Top of Available data

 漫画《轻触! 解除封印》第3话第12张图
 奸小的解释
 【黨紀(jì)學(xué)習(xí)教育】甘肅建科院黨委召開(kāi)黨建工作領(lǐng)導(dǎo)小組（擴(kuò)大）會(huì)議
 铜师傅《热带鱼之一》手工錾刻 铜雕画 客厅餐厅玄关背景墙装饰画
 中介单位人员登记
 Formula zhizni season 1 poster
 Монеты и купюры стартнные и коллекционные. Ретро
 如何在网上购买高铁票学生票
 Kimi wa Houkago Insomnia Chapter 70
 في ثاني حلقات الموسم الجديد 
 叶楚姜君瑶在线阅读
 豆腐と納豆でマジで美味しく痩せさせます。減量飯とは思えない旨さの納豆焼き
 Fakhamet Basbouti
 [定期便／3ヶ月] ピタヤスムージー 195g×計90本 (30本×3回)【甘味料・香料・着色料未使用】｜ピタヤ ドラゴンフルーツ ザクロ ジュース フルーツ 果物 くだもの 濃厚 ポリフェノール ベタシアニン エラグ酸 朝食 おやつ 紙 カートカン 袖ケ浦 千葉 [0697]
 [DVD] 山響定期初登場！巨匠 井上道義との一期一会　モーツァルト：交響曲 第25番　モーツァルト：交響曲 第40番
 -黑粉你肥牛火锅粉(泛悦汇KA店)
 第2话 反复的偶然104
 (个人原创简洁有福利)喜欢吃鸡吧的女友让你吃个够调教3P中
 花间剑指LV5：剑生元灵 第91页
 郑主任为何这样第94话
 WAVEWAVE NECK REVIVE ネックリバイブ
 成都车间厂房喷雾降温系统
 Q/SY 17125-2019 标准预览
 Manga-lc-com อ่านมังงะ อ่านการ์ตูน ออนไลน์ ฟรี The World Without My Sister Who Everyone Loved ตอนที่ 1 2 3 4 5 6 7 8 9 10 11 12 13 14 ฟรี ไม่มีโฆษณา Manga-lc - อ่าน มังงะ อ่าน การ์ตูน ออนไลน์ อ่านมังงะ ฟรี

Bottom of Available data

## Task instructions
Would you return exactly the lines from the one containing "(个人原创简洁有福利)喜欢吃鸡吧的女友让你吃个够调教3P中" through the end of the listing, both included, and only them?

## Task answer
 (个人原创简洁有福利)喜欢吃鸡吧的女友让你吃个够调教3P中
 花间剑指LV5：剑生元灵 第91页
 郑主任为何这样第94话
 WAVEWAVE NECK REVIVE ネックリバイブ
 成都车间厂房喷雾降温系统
 Q/SY 17125-2019 标准预览
 Manga-lc-com อ่านมังงะ อ่านการ์ตูน ออนไลน์ ฟรี The World Without My Sister Who Everyone Loved ตอนที่ 1 2 3 4 5 6 7 8 9 10 11 12 13 14 ฟรี ไม่มีโฆษณา Manga-lc - อ่าน มังงะ อ่าน การ์ตูน ออนไลน์ อ่านมังงะ ฟรี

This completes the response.